About a year ago, the team saw two cylinders producing between 2.6 and 7.5 times the energy produced by a single cylinder, Bernitsas said. A month ago, the team had “excellent results again” with three cylinders.
“Not only did we manage to get cylinders close to produce more power, but at the same time we made the volume occupied much smaller,” he said. “That’s important because the ratio of power over volume is the Achilles’ heel of all renewable energy technology.”
The VIVACE also has the potential to deploy hydro generation in a greater number of waterways. Whereas conventional turbines need water to move at an average of between 5 and 7 knots to work efficiently, Bernitsas said his cylinders have proven to work at slower than 1 knot.
“We’re really taking advantage of accessing a huge treasure of slow currents racing along everywhere: oceans, rivers and sometimes lakes,” he said.
Bernitsas’ background is in offshore engineering and designing structures to withstand “transverse flow,” which can be destructive to large cylindrical shapes.
About 10 years ago, it dawned on him to enhance that process to generate energy rather than suppress it.
Bernitsas founded the company Vortex Hydro Energy from his lab with the goal of commercializing his product, though funding makes the timeline for that uncertain. The deployment could vary depending on the flow and topology of the waterway.
“The idea is to make the device as compact as possible in order to increase the power-to-volume density,” he said.
Social problems with hydro
Meanwhile, a team of researchers at MSU led by geography professor Emilio Moran were recently awarded a four-year, $2.7 million National Science Foundation grant to address environmental and social concerns with the siting of new hydro projects.
While Moran’s approach will have a more global scope, focusing on areas aggressively pursuing more hydro, he anticipates lessons learned can be applied in Michigan and throughout the region. The proposal is still in the early planning phases.
His research comes at a time when more hydro facilities in the U.S. are being closed than are opening, though major dam projects are being pursued in South America, Africa and Asia.
“Our work is addressing a global issue, but there’s a recurring problem when you build dams, you block the migration of fish, and that happens in North America,” Moran said. “Over time, people begin to see less of a benefit from hydropower generated by dams compared to the damages incurred.
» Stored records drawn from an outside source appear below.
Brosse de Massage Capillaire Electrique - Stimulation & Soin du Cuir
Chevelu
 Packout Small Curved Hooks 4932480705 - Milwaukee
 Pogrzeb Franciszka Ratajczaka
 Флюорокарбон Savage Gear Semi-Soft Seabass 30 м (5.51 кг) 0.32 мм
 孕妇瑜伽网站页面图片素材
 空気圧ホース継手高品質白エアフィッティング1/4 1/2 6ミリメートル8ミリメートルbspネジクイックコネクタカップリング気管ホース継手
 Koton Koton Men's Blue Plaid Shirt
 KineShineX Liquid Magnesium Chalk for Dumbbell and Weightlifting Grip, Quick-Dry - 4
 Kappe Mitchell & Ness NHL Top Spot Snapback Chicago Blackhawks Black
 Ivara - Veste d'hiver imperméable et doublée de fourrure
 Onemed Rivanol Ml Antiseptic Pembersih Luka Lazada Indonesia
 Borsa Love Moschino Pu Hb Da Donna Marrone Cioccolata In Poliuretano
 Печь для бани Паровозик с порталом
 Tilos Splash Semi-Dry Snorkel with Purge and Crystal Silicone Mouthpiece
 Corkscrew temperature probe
On top of that, there are social impacts to communities along the river who depend on fish and don’t have that fishery anymore. We’re asking the question: Should we be thinking of alternatives?”
While large-scale hydro construction is happening mostly outside of the U.S., Moran hopes to apply lessons about deploying better hydropower in the U.S. and the Midwest, or potentially finding a beneficial reuse of land when a dam is decommissioned.
“Could we move that sediment to agricultural fields to increase productivity, produce more food and produce energy in a way that is more favorable to the public?” he asked.
Moran’s team also includes engineers that are studying new turbine designs that are less harmful to a river’s ecology and modelers to find ideal locations for the turbines.
Despite hydro’s environmental drawbacks, innovations could still make it a dependable source of renewable energy, Moran said.
“Let’s not trash hydroelectricity given all its problems, let’s think about a way (to design it) that contributes to the environment,” he said. “I think it should contribute (to the energy mix), and the nice thing about hydro is that the river is always flowing.”